* **TASK DESCRIPTION**:
Starting at the first line of the listing below, repeat each line up to and including the one containing "Front view of". Leave out pictures.

* **AVAILABLE RECORDS**:
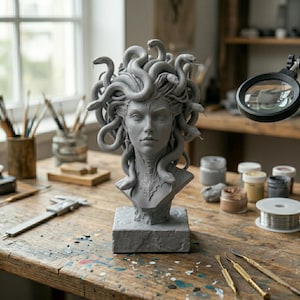 Puede incluir: Un busto escult&oacute;rico gris de una figura con serpientes por cabello, montado sobre una base rectangular. La escultura presenta rasgos faciales detallados y texturas de serpiente intrincadas, situada sobre un banco de trabajo de madera.
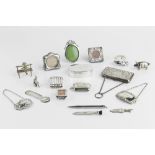 A COLLECTION OF SMALL SILVER ITEMS, to include an Edwardian Art Nouveau miniature photo frame,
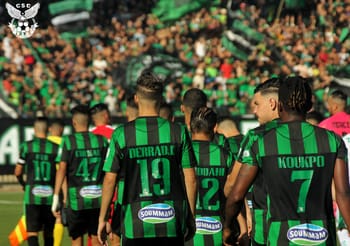 Équipe de football en vert et noir lors d'un match.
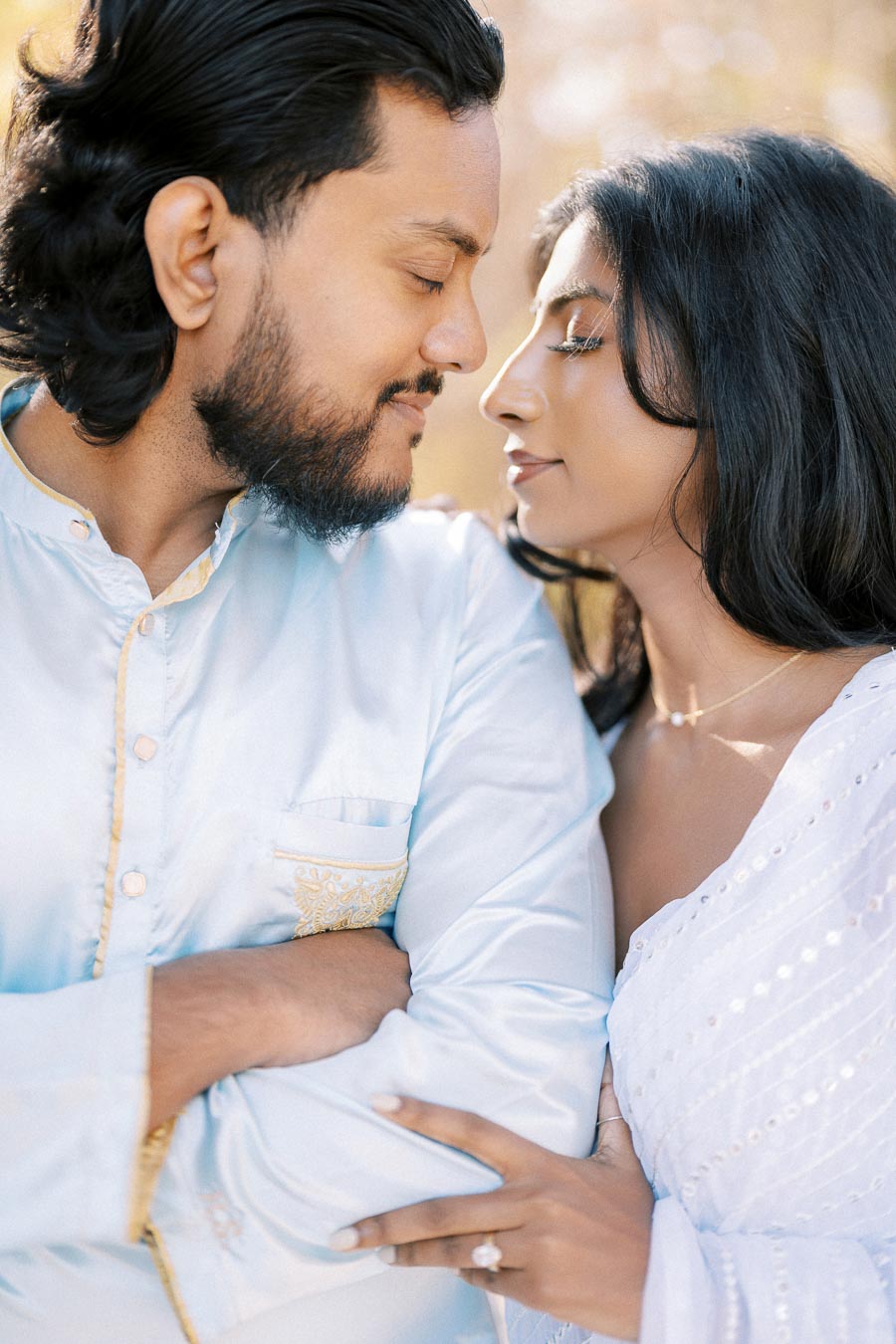 Young couple in traditional attire embracing outdoors, showcasing love and cultural elegance.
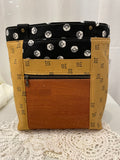 Front view of medium project tote in mustard/black graphic
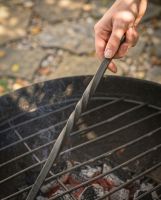 The Kadai Hand-Forged Iron Cooking Fork with Ring Handle Showing a Close up of the Decorative Central Twist - Digital Illustration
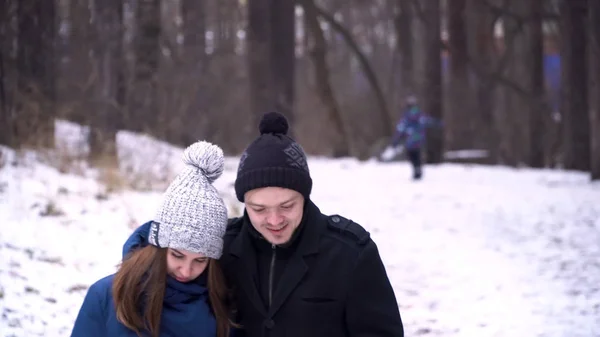 Genç çift, sarılma ve kışın parkta öpüşme. Kış soğuk günlerde kış elbiseleri giymiş güzel bir çift portresi. Genç çift romantik bir an zevk — Stok fotoğraf
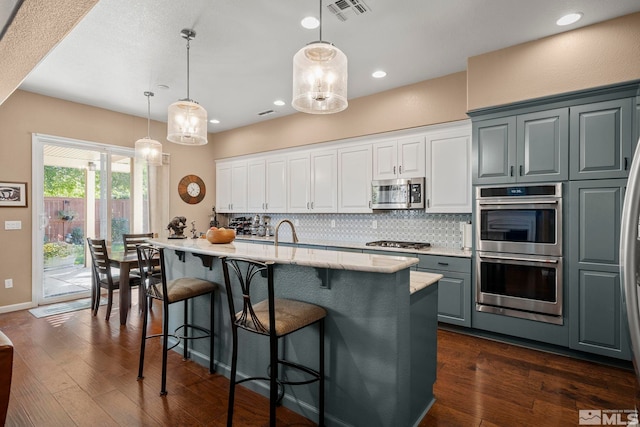 10710 Ivy Gate, Reno, NV 89521 - kitchen with appliances with stainless steel finishes, tasteful backsplash, light stone countertops, dark wood-style flooring, and recessed lighting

* **WRITTEN ANSWER**:
 Puede incluir: Un busto escult&oacute;rico gris de una figura con serpientes por cabello, montado sobre una base rectangular. La escultura presenta rasgos faciales detallados y texturas de serpiente intrincadas, situada sobre un banco de trabajo de madera.
 A COLLECTION OF SMALL SILVER ITEMS, to include an Edwardian Art Nouveau miniature photo frame,
 Équipe de football en vert et noir lors d'un match.
 Young couple in traditional attire embracing outdoors, showcasing love and cultural elegance.
 Front view of medium project tote in mustard/black graphic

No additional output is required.